Warning! Testing, like politics, religion, and how to butter your toast, is one of those subjects that will get you thrown out of better dinner parties and churches throughout the South. What you read here may shock you! You have been warned.

The image above is the Hanged Man's tree, from Witcher III: The Wild Hunt. Appropriate, I thought. I'm not sure if this is my manifesto or my death warrant.

What are we talking about?

Should he wish to conquer, the general must prepare the ground.

When I say "testing," I refer to the practice of writing automated tests in tandem with program code. That is, of incorporating programmatic tests into the code of one's program. This discussion will include Test-Driven Development, but that is not my focus; I mean to discuss the religion as a whole, not any one sect.

Perhaps I've just given away the punchline: that I regard testing as largely a religious practice on about the level of erecting bamboo control towers and making radio antennae out of leaves in hopes that the great silver birds will return. I like to think my position is a little more nuanced than that, but your mileage may vary.

What is your problem with testing?

You.

To be less glib about it, me.

You and me both.

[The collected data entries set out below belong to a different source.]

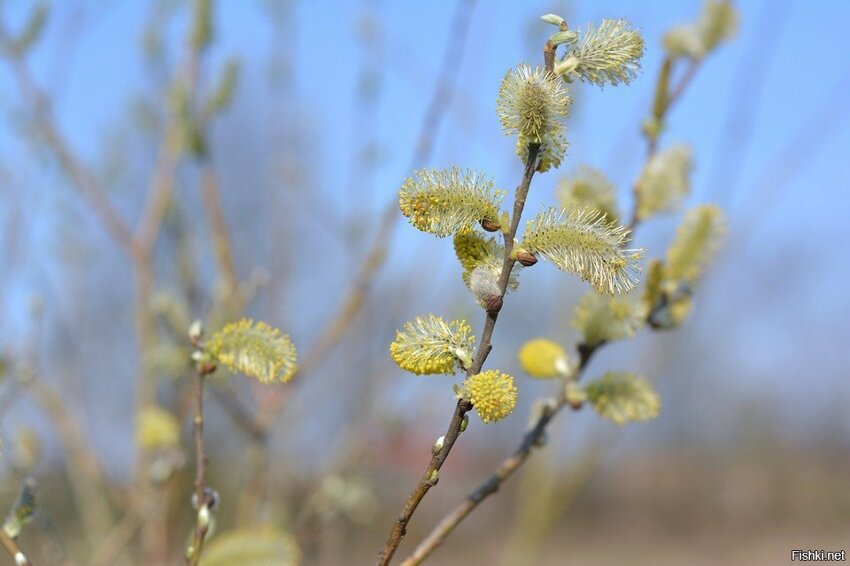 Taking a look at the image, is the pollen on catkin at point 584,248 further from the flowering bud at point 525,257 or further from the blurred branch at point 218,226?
the blurred branch at point 218,226

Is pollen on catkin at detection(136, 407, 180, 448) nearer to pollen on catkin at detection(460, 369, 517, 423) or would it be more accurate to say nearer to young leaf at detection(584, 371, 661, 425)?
young leaf at detection(584, 371, 661, 425)

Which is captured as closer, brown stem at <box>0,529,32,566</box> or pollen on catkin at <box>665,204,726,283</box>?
brown stem at <box>0,529,32,566</box>

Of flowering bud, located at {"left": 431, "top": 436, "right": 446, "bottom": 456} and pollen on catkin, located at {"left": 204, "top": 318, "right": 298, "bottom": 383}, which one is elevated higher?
pollen on catkin, located at {"left": 204, "top": 318, "right": 298, "bottom": 383}

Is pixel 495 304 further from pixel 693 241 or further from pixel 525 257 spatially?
pixel 693 241

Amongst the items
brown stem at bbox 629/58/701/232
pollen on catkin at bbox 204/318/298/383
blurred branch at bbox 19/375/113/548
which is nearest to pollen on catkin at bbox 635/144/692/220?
brown stem at bbox 629/58/701/232

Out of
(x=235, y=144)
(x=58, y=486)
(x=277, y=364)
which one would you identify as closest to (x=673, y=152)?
(x=277, y=364)

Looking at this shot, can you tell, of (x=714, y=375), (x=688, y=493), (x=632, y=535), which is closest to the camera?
(x=714, y=375)

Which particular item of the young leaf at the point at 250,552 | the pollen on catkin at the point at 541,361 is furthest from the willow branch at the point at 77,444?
the pollen on catkin at the point at 541,361

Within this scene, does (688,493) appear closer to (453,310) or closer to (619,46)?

What I dislike about testing is that tests are usually written by fallible (and fallen) men. I mean, I like you a lot, but I know you make mistakes. So do I.

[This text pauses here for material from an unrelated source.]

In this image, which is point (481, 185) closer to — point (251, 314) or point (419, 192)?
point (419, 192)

Locked away in a vault somewhere in France is the meter. There are two of them, actually, that I am aware of: an original and a replacement created in 1889. And just so you know I'm not full of shit, I wasn't aware of that until a minute ago; I had to look this up.

meter

This object—now superseded by the distance traveled by light in a vacuum in one 299,792,458th of a second—was the divine standard by which all other meters were measured, from the one standing in the corner of your elementary teacher's classroom (though mine used a yard stick) to the 1.524 meters separating you from the nearest spider. That's the great thing about meters, feet, smoots, and the thumb's-width rod you're supposed to use on your wife: we have objective standards for these things.

What we don't have is an objective standard for how many non-consecutive purchases of cod liver oil are required to earn one free pass to a non-weekend matinee at the Royal Theatre (note the arrangement of the letters R and E) in downtown Gingles, Wisconsin, at the Pick-a-dilly Market Square Café, General Store, and Postal Emporium. This means, unfortunately, that when Mrs. E. Bailey requests that particular enhancement for her point of sale system, someone needs to invent that out of whole cloth.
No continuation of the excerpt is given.